2019-06-25 19:05:50 140049019632384 [Note] WSREP: sst_donor_thread signaled with 0
2019-06-25 19:05:50 140044555761408 [Note] WSREP: async IST sender starting to serve tcp://10.209.96.149:4568 sending 8524-8557
sh: wsrep_sst_mariabackup: command not found
2019-06-25 19:05:50 140044564154112 [ERROR] WSREP: Failed to read from: wsrep_sst_mariabackup --role 'donor' --address '10.209.96.149:4444/xtrabackup_sst//1' --socket '/var/lib/mysql/mysql.sock' --datadir '/var/lib/mysql/' --binlog 'mysql-bin' --gtid 'b99680cf-9773-11e9-b90b-e6ca413f0ef1:8523' --gtid-domain-id '0' --bypass
2019-06-25 19:05:50 140044564154112 [ERROR] WSREP: Process completed with error: wsrep_sst_mariabackup --role 'donor' --address '10.209.96.149:4444/xtrabackup_sst//1' --socket '/var/lib/mysql/mysql.sock' --datadir '/var/lib/mysql/' --binlog 'mysql-bin' --gtid 'b99680cf-9773-11e9-b90b-e6ca413f0ef1:8523' --gtid-domain-id '0' --bypass: 2 (No such file or directory)

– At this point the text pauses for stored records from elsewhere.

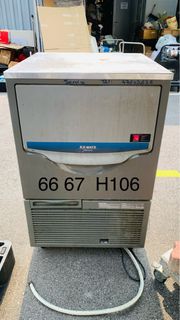 (Category: ) located in . Submitted by ecoenergy (Listing ID 1462498422, Image 1). Description: .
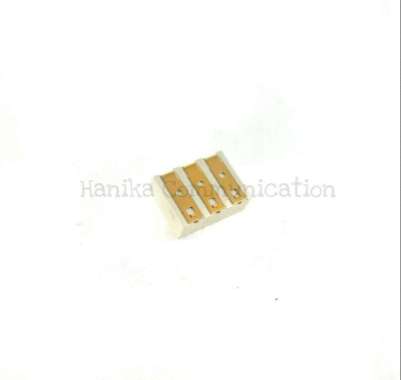 Plat DC GP2000 HT Motorola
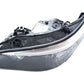 Hella 06-10 BMW 5-Series LED Headlamp - Left Side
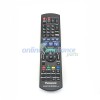 N2QAYB001039 Remote Control  , Home Electronics, Panasonic. Genuine Part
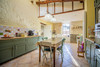 French property for sale in Ranville-Breuillaud, Charente - €220,000 - thumbnail 9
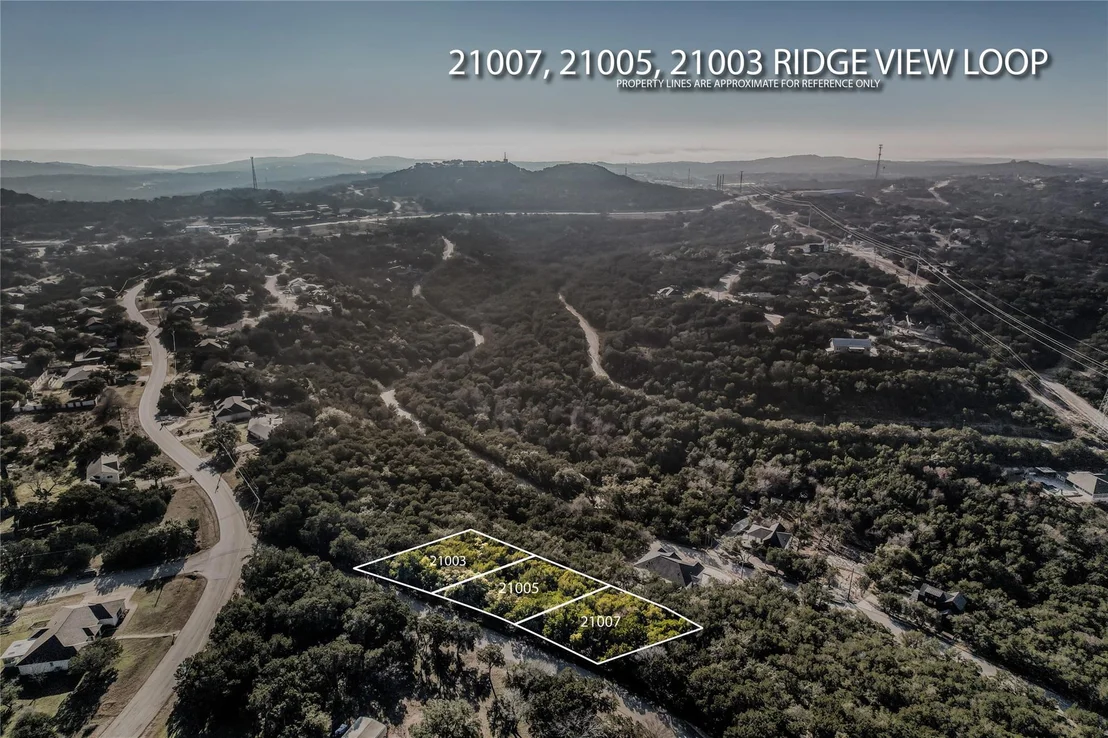 Photo of 21003 Ridgeview LOOP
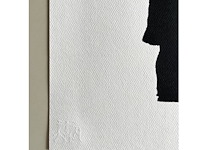 Banksy - afbeelding 3 van  4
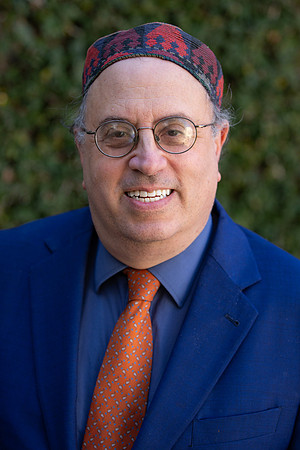 aju.rab.grad..2.13.24_-063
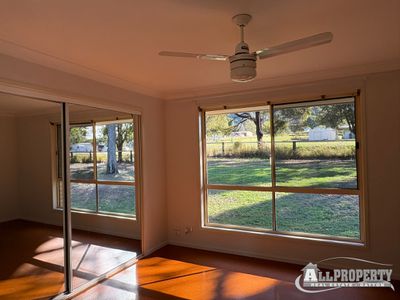 13 Summerholm Road, Summerholm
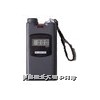 手持式氟化氫檢測報警儀HF-1A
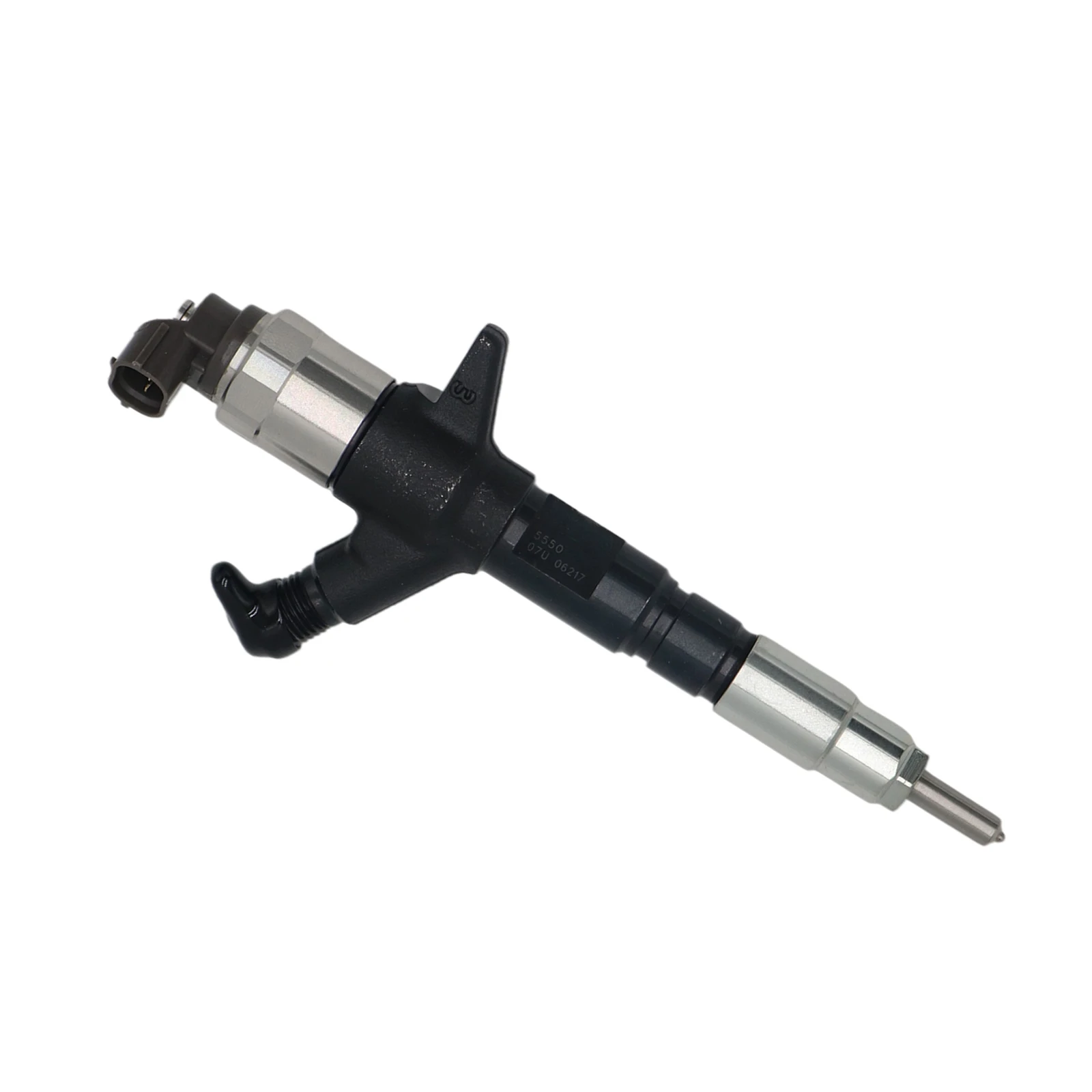 

095000-6320 095000-6327 095000-6324 095000-6325 Fuel Fit for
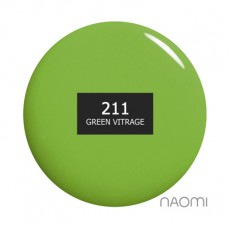 Naomi Vitrage Collection 6ml 211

2019-06-25 19:05:50 140044564154112 [ERROR] WSREP: Command did not run: wsrep_sst_mariabackup --role 'donor' --address '10.209.96.149:4444/xtrabackup_sst//1' --socket '/var/lib/mysql/mysql.sock' --datadir '/var/lib/mysql/' --binlog 'mysql-bin' --gtid 'b99680cf-9773-11e9-b90b-e6ca413f0ef1:8523' --gtid-domain-id '0' --bypass
2019-06-25 19:05:50 140049068836608 [Warning] WSREP: 1.0 (secondary1): State transfer to 0.0 (secondary2) failed: -2 (No such file or directory)

http://logs.openstack.org/63/667363/3/check/kolla-ansible-centos-source-upgrade-ceph/479cd15/secondary1/logs/kolla/mariadb/mariadb.txt.gz#_2019-06-25_19_05_50

I think we need to shutdown all nodes and perform a recovery in this case.